Les missions d’exploration viennent d’abord
Les trois premières missions de cette année seront sans équipage. Leur objectif est d’étudier la surface lunaire plus en détail, de réduire les risques pour de futurs atterrissages habités et de tester des rovers autonomes susceptibles d’influencer la conception des futurs véhicules lunaires. Autrement dit, le travail initial relève de la reconnaissance et de l’apprentissage des systèmes plutôt que d’une présence symbolique.
La première mission, Moon Base I, est visée pour la fin de l’année et utilisera un atterrisseur lunaire construit par Blue Origin, que le texte fourni indique n’avoir pas encore testé d’atterrisseur lunaire. Moon Base II et III sont également prévues cette année et impliqueront des atterrisseurs d’Astrobotic et d’Intuitive Machines, ainsi qu’un rover autonome dans au moins l’une de ces missions.
Pourquoi le pôle sud lunaire reste central
La décision de la NASA d’ancrer la future base près du pôle sud lunaire s’inscrit dans une orientation stratégique plus large vers cette région.
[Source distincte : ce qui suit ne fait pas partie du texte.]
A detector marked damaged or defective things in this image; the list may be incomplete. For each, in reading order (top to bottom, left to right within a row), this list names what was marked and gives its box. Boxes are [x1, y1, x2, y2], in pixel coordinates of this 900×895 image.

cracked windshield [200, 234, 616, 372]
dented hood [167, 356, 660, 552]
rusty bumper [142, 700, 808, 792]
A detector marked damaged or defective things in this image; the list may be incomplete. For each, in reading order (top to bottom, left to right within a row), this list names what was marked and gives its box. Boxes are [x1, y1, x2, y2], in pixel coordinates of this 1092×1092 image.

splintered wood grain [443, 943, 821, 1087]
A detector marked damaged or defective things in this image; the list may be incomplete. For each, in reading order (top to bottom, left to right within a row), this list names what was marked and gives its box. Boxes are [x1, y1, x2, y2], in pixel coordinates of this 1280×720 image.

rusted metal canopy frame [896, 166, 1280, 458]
Même si le texte fourni n’énumère pas toutes les raisons, ce choix indique à lui seul que la NASA considère cette zone comme l’endroit le plus viable pour des opérations lunaires durables. Le pôle sud est depuis longtemps considéré comme l’une des régions les plus prometteuses de la Lune pour la planification de l’exploration à long terme.
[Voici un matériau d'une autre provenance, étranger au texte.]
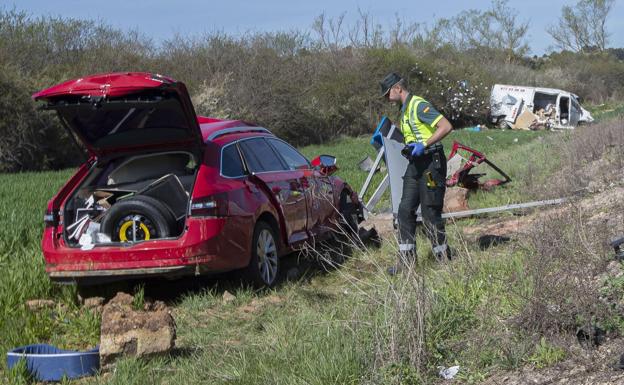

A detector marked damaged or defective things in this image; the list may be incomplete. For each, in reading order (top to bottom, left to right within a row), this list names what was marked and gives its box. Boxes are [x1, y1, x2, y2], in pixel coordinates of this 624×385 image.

damaged red car [36, 73, 364, 288]
crashed white van [488, 84, 596, 129]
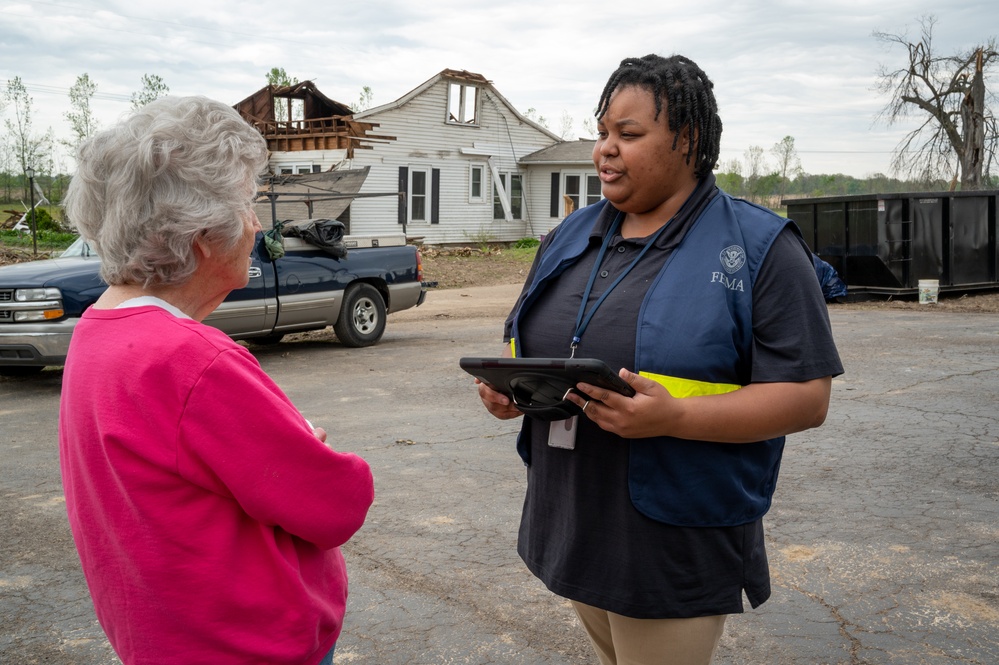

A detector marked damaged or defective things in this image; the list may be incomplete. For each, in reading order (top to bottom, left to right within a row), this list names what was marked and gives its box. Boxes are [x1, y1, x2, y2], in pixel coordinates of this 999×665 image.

broken window [450, 82, 480, 125]
cracked pavement [1, 286, 999, 664]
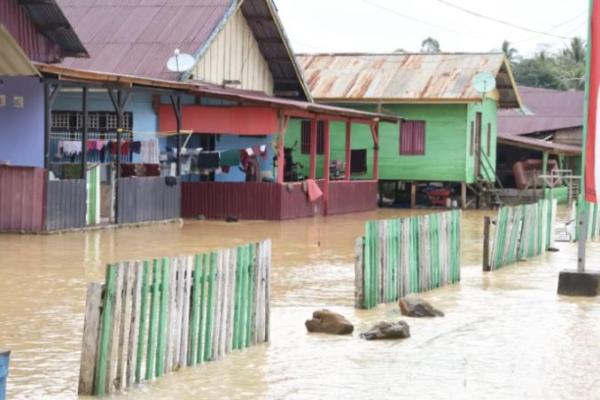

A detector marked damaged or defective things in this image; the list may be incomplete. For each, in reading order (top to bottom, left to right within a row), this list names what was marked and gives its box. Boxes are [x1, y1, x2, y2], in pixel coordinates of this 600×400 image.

rusty metal roof [56, 0, 233, 80]
rusty metal roof [298, 52, 524, 108]
rusty metal roof [496, 86, 584, 136]
rusty metal roof [496, 132, 580, 155]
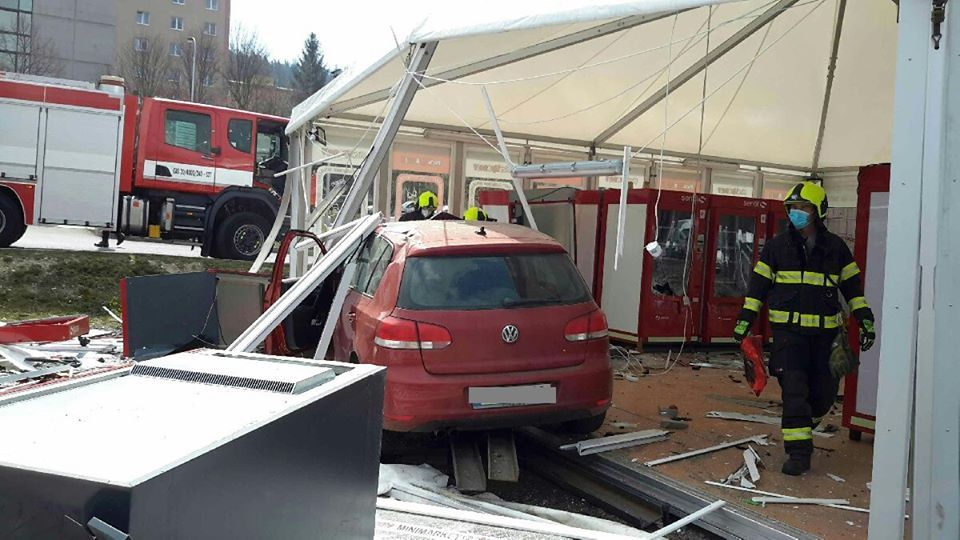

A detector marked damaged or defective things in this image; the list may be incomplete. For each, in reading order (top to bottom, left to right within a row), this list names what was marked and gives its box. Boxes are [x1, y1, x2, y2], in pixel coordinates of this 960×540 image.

bent tent pole [229, 213, 382, 352]
damaged red car [334, 217, 612, 432]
Ce qui compte dans cette annonce, c’est que la sélection du site passe d’une préférence générale à une enquête active. Les missions d’exploration, les rovers et les drones sauteurs doivent déterminer où une base peut réellement fonctionner, et pas seulement où elle semble attrayante sur le papier.
Des missions Artemis à la logistique lunaire
Le texte source note qu’Artemis II a envoyé avec succès quatre astronautes autour de la Lune puis de retour sur Terre en avril 2026. Cela donne un contexte à l’annonce actuelle. Le vol habité vers la Lune peut captiver l’imagination du public, mais une base exige autre chose : des mouvements répétés de fret, une préparation robotique, des systèmes de mobilité et une séquence de construction viable.
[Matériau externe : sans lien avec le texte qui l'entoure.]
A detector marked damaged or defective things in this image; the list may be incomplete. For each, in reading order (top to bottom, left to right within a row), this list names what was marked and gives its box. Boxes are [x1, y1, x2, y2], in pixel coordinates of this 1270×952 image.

La feuille de route de la NASA semble reconnaître cette distinction. Établir une présence permanente exige un travail de fond opérationnel moins spectaculaire qu’une mission habitée, mais plus essentiel à la durabilité. Le concept de base est donc autant un programme de logistique et de systèmes qu’un projet d’exploration humaine.
La portée de l’annonce
La conclusion immédiate n’est pas qu’une base lunaire soit imminente. C’est que la NASA a commencé à définir plus concrètement les étapes intermédiaires. Trois missions sans équipage cette année, au moins neuf autres à annoncer avant 2027 et un calendrier par phases s’étendant jusqu’en 2036 constituent ensemble un engagement plus structuré qu’une vague aspiration à long terme.
Si les missions décollent et produisent des données utiles sur le site et les systèmes, l’idée de la base lunaire deviendra progressivement plus réelle. Si elles prennent du retard, le calendrier paraîtra ambitieux comme le sont souvent les plans spatiaux. Quoi qu’il en soit, la NASA a désormais associé des dates, des missions et des phases opérationnelles au concept d’un point d’appui lunaire permanent, et cela en fait plus qu’une simple étape symbolique.
Cet article est basé sur un reportage de New Scientist. Lire l’article original.